ABOUT THIS EXERCISE: The reply should contain the full listing exactly as written and no pictures at all.

INFORMATION SUPPLIED:
-*-*-

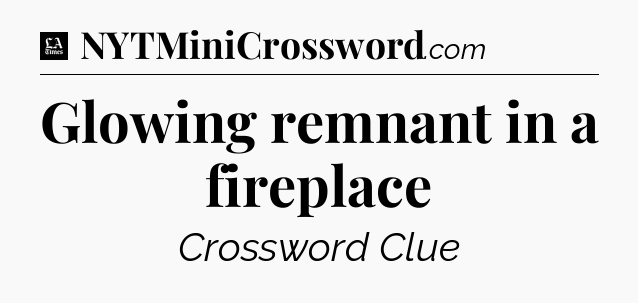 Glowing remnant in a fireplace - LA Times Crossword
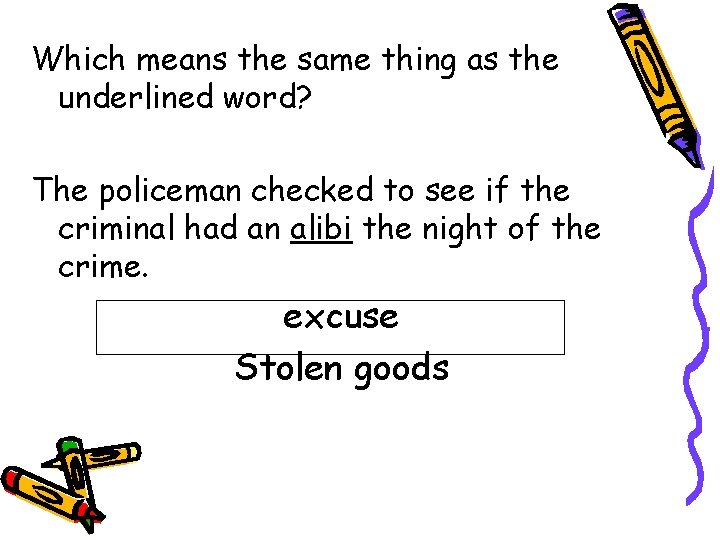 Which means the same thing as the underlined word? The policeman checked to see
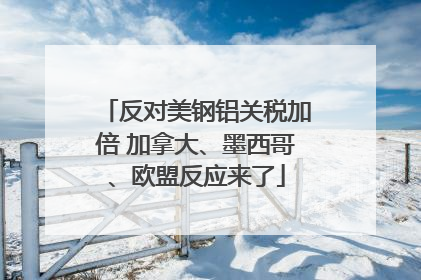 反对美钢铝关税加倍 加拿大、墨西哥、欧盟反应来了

-*-*-

REPLY:
 Glowing remnant in a fireplace - LA Times Crossword
 Which means the same thing as the underlined word? The policeman checked to see
 反对美钢铝关税加倍 加拿大、墨西哥、欧盟反应来了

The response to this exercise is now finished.